Juan Luis Cano Rodríguez

Posted on Jun 30

A whirlwind tour of Python packaging

#python #packaging #opensource

What is even packaging for in the first place?

The goal of packaging is publishing a distribution package, "a piece of software that you can install". In other words: something that can be consumed by developers as a dependency of other projects, which themselves might or might not be packaged.

Many Python projects are not meant to be packaged. Such is the case of web applications, for example. Modern workflow tools make a distinction between applications and libraries because of this reason. All the following discussion assumes Python projects that are prepared to be packaged.

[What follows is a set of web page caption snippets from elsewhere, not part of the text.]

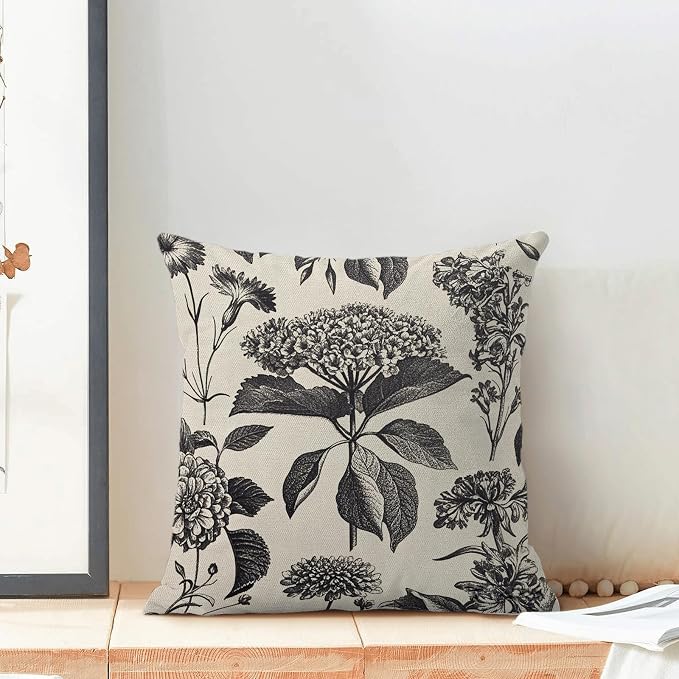 Floral Pillow Covers 20x20 Set of 2 Vintage Black Hydrangea Herbs Botanical Throw Pillow Cover Outdoor Decoration Boho Flower Pillowcase Farmhouse Decorative Cushion Case for Home Couch Sofa
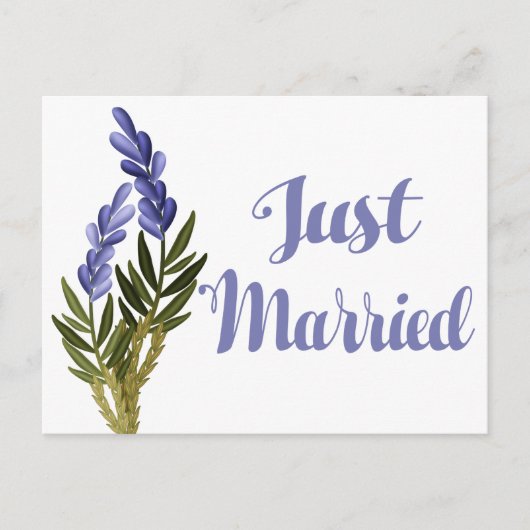 Carte Postale Faire-part Fleurs aquarelle RSVP lavande violet mariage (Devant)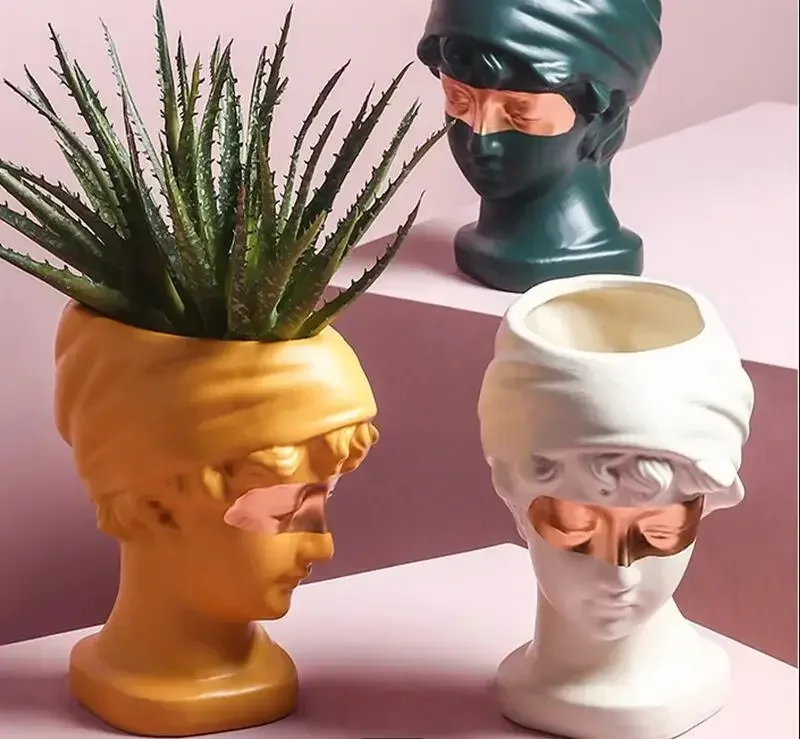 

Ceramic Flower Vase Ornaments Girl Character Sculpture Flowerpot Decoration Crafts Flower Arrangement Desktop Vase Furnishings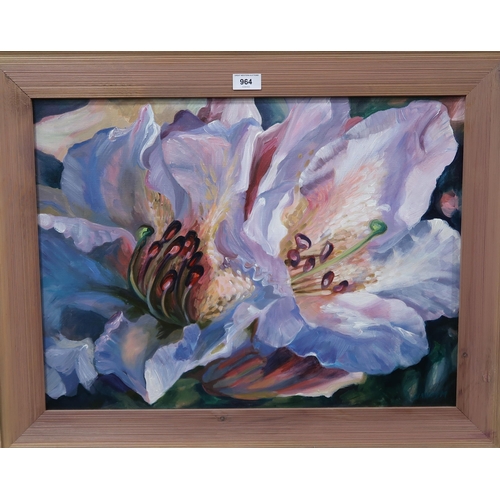 964 - CONTEMPORARY SCHOOLSTILL LIFE WITH PINK LILIESOil on canvas, signed 'Nancy M.' lower right, 45 x 58c... 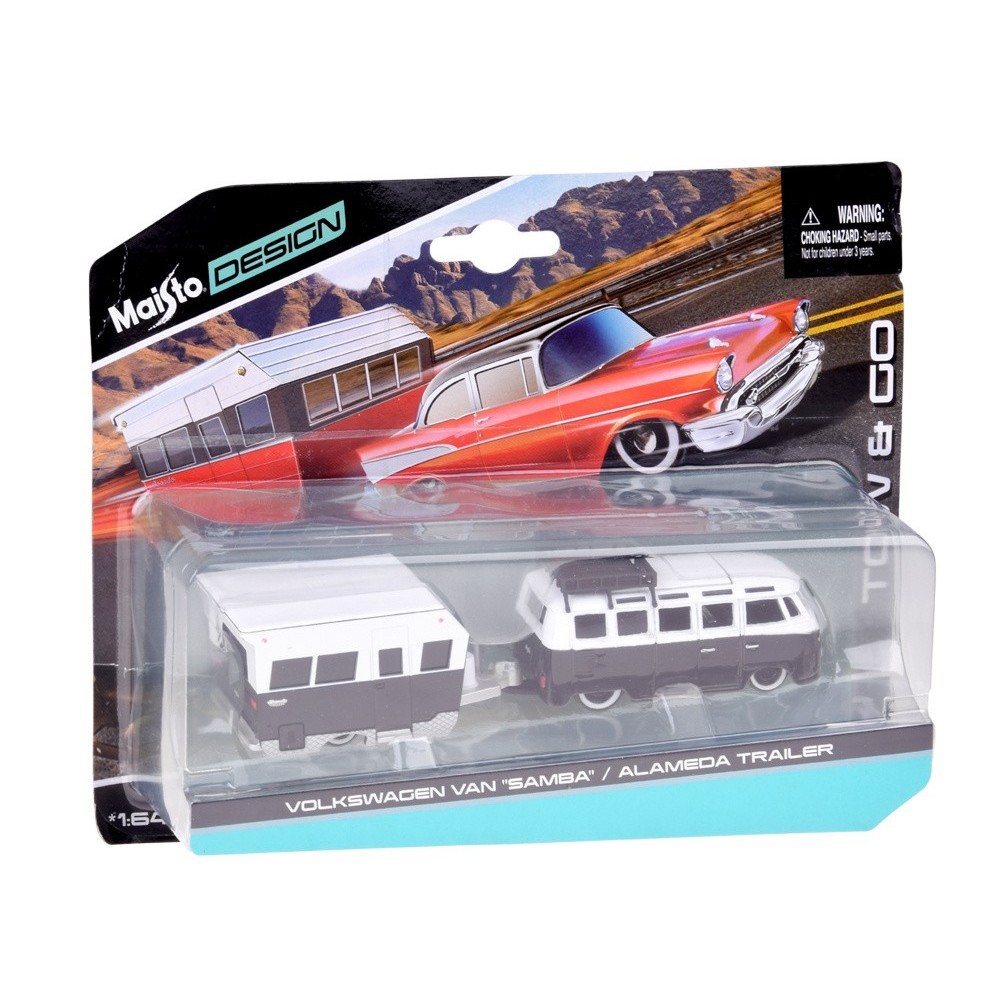 Maisto Sada Kovový Model Auto Volkswagen VAN Samba s Obytným Prívesom 1:64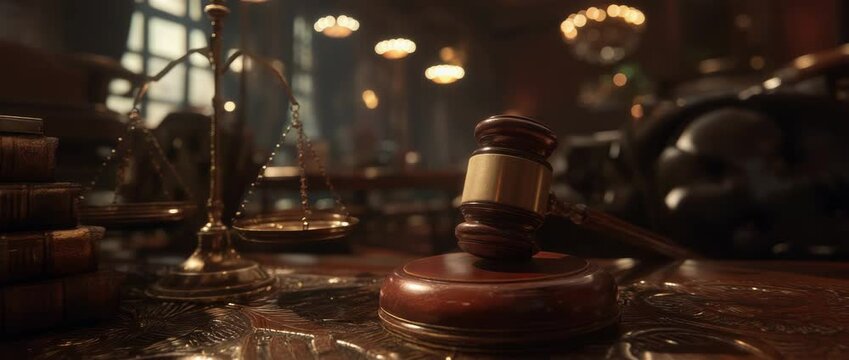 Intricate justice court setting with gavel, scales, and aged legal books ambiance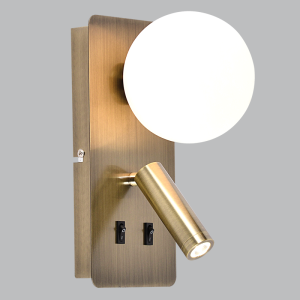 ANT METAL WALL BRACKET OPAL PLASTIC COVER 2 SWITCH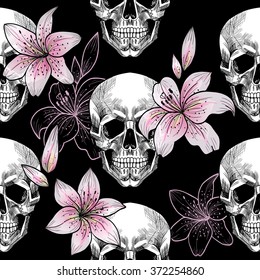 Skull and lily on black background. Vector seamless pattern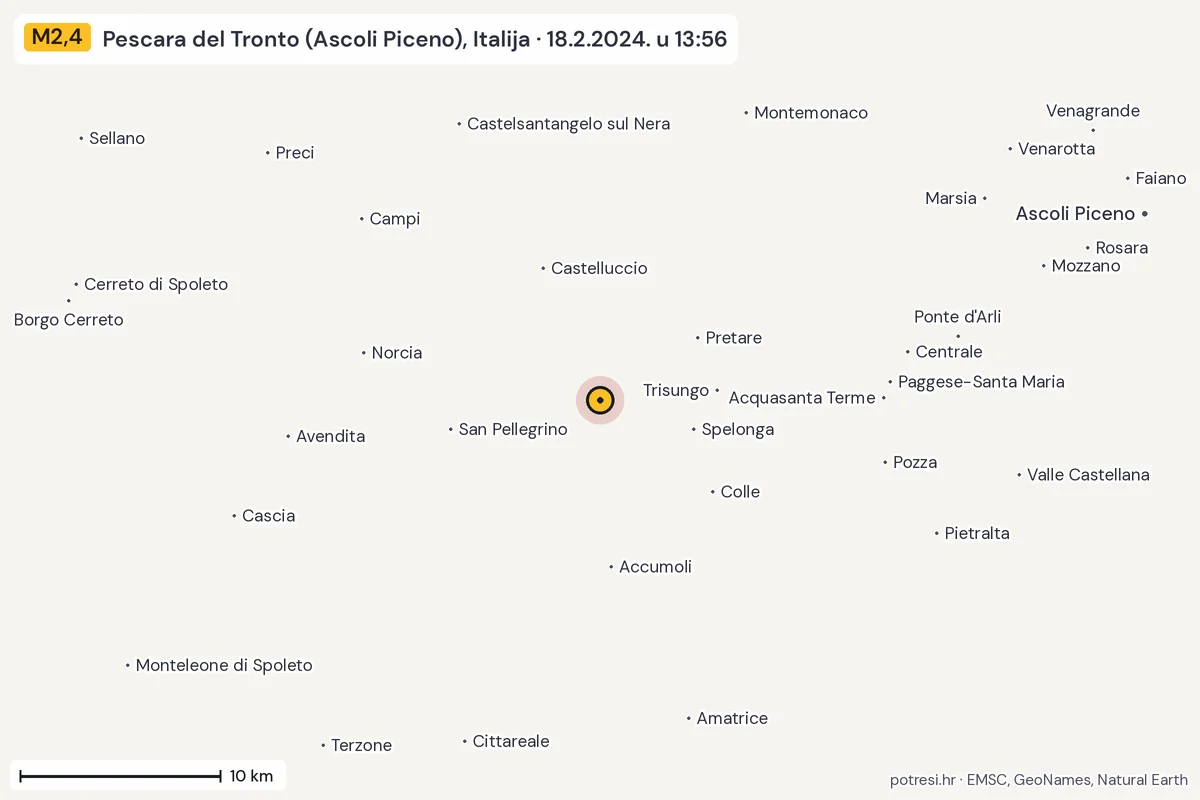 Karta: okolica epicentra, 60 km, potres M2,4, Pescara del Tronto (Ascoli Piceno), Italija, 18.2.2024.
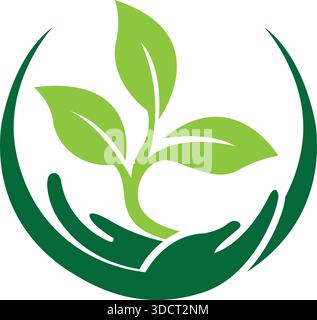 Leaf Hand Eco Nature Care Icon Template Modern Vector Logo Design Stock Vector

Terminology, standards, metadata

The starting point is the source tree, "containing its raw source code before being packaged". There are two distribution formats: source distributions (sdist) and built distributions, of which wheels is the standard one.

sdists are specified in:

PEP 517 – A build-system independent format for source trees (accepted 2017)
PEP 643 – Metadata for Package Source Distributions (accepted 2020)
PEP 625 – Filename of a Source Distribution (accepted 2022)

wheels are specified in:

PEP 427 – The Wheel Binary Package Format 1.0 (accepted 2013)

The key element that enables consumption of the distribution package by downstream tools is metadata. In particular, core metadata specifications have evolved over the years to standardize a series of core metadata fields.

Core metadata has been specified in a range of PEPs, including:

1.0 in PEP 241 – Metadata for Python Software Packages (accepted 2001)
1.2 in PEP 345 – Metadata for Python Software Packages 1.2
2.1 in PEP 566 – Metadata for Python Software Packages 2.1 (accepted 2018)
2.5 in PEP 794 – Import Name Metadata (accepted 2025)

These fields are stored in different ways:

In pyproject.toml files in source trees as TOML keys, as specified by PEP 621
In PKG-INFO files in source distributions as RFC 822 headers
In *.dist-info/METADATA files in built distributions as RFC 822 headers

By virtue of PEP 621, pyproject.toml might already have a complete representation of the necessary metadata. But in many situations this isn't the case, for example:

The version might come from the version control system or from one of the source tree files (__version__ attribute, an outdated pattern)
The dependencies might depend on the Python version and the operating system
Certain workflow tools might use arbitrary tool-specific configuration (written in the [tool] table of pyproject.toml) to fill the metadata

For this reason, both PEP 621 and PEP 643 allow for metadata fields to be set to dynamic: "intentionally unspecified so another tool can/will provide such metadata". Built distributions, on the other hand, do not allow for dynamic metadata fields: all of them have to be final.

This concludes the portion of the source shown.